- Original title: Ridică-te Gheorghe, ridică-te Ioane!
- Country: Romania
- Language: Romanian

= Arise Gheorghe, Arise Ioan! =

Poem by Radu Gyr

Arise Gheorghe, Arise Ioan! (Ridică-te Gheorghe, ridică-te Ioane!) is a poem by Radu Gyr. In 1958, Radu Gyr was imprisoned and sentenced to death (commuted to life sentences and pardoned in 1964) by the communist authorities of the Romanian People's Republic because of his subversive poem. The poem had asked for peasants to oppose in every way the regime's agricultural policies: it had been issued as the last wave of brutal collectivization was taking hold of the rural landscape. According to Orthodox priest Fabian Seiche, while in prison, Gyr was not treated for any illnesses he had, was often starved, and even tortured.

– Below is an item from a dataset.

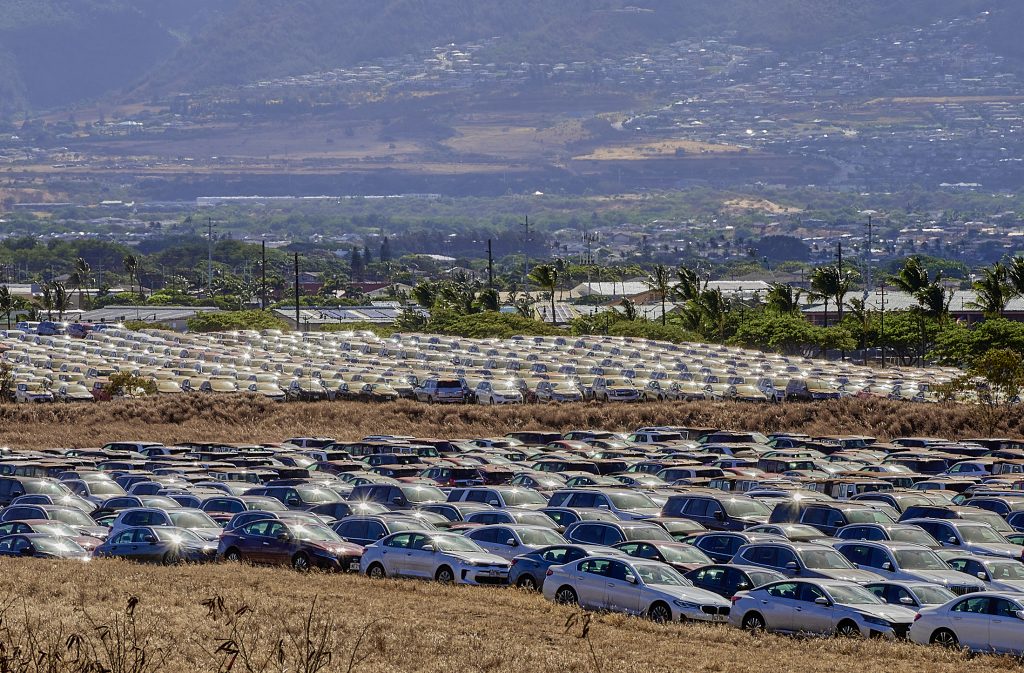 Economic Shocks From Wildfires Reverberate Across Maui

It is still a very controversial issue in Romania. Literary critic Alex Ștefănescu finds that the poem is "full of drama, of great expressive power" in which "communism itself is transfigured and appears as a metaphysical evil". He contends that the poem has nothing to do with Gyr's past membership in the Iron Guard fascist movement, but can be viewed separately; he proposes a thought experiment: "If we did not know that Radu Gyr he was a legionnaire in his youth, we would not see anything legionary in this poem. It is about a cry of revolt against communism, in the tragic years when our peasants were forcibly dispossessed of their land by the Soviet occupiers, in complicity with the Romanian communists". On the other hand, the critic Nicolae Manolescu considers that the poem is "literary mediocre", yet he also emphasizes "the confusion between Gyr's legionarism and the anti-communism of the poem".

On November 12, 2012, Romanian politician Mihail Neamțu sparked outrage by recited the poem at a campaign event. Neamțu defended himself, stating that his intention by reciting the poem had been to honour victims of the Nazi Holocaust and Soviet Gulags.